## GOAL OF THE EXERCISE:
Emit the line that holds "Y-H Hy Soft" and all lines following it through the end of the data, verbatim, and nothing else.

= = = = =

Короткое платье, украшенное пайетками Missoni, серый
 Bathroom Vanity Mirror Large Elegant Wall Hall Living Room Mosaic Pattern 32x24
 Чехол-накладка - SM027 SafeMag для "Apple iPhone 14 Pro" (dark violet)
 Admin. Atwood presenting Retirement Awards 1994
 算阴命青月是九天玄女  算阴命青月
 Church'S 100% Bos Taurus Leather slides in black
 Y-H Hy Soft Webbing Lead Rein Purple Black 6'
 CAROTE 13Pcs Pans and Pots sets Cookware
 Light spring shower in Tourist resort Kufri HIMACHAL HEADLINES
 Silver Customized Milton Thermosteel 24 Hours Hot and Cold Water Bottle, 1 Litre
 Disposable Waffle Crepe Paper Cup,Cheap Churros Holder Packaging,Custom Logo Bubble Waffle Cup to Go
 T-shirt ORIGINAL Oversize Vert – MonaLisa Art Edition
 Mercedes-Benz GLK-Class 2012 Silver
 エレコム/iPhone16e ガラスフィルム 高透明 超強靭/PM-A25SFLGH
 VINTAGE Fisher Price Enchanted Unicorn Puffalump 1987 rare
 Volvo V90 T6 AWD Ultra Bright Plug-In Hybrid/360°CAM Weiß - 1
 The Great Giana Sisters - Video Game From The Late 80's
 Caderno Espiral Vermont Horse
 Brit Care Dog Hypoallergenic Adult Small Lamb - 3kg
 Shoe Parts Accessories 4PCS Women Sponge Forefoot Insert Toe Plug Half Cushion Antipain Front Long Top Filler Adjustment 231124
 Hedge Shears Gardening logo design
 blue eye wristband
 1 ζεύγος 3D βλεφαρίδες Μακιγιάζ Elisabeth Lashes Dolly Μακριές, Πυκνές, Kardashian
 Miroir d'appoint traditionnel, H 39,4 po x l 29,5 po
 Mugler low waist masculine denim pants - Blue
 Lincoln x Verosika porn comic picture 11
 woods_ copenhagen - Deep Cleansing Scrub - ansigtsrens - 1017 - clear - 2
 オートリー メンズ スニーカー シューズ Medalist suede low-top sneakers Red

= = = = =

## RESULT OF THE EXERCISE:
 Y-H Hy Soft Webbing Lead Rein Purple Black 6'
 CAROTE 13Pcs Pans and Pots sets Cookware
 Light spring shower in Tourist resort Kufri HIMACHAL HEADLINES
 Silver Customized Milton Thermosteel 24 Hours Hot and Cold Water Bottle, 1 Litre
 Disposable Waffle Crepe Paper Cup,Cheap Churros Holder Packaging,Custom Logo Bubble Waffle Cup to Go
 T-shirt ORIGINAL Oversize Vert – MonaLisa Art Edition
 Mercedes-Benz GLK-Class 2012 Silver
 エレコム/iPhone16e ガラスフィルム 高透明 超強靭/PM-A25SFLGH
 VINTAGE Fisher Price Enchanted Unicorn Puffalump 1987 rare
 Volvo V90 T6 AWD Ultra Bright Plug-In Hybrid/360°CAM Weiß - 1
 The Great Giana Sisters - Video Game From The Late 80's
 Caderno Espiral Vermont Horse
 Brit Care Dog Hypoallergenic Adult Small Lamb - 3kg
 Shoe Parts Accessories 4PCS Women Sponge Forefoot Insert Toe Plug Half Cushion Antipain Front Long Top Filler Adjustment 231124
 Hedge Shears Gardening logo design
 blue eye wristband
 1 ζεύγος 3D βλεφαρίδες Μακιγιάζ Elisabeth Lashes Dolly Μακριές, Πυκνές, Kardashian
 Miroir d'appoint traditionnel, H 39,4 po x l 29,5 po
 Mugler low waist masculine denim pants - Blue
 Lincoln x Verosika porn comic picture 11
 woods_ copenhagen - Deep Cleansing Scrub - ansigtsrens - 1017 - clear - 2
 オートリー メンズ スニーカー シューズ Medalist suede low-top sneakers Red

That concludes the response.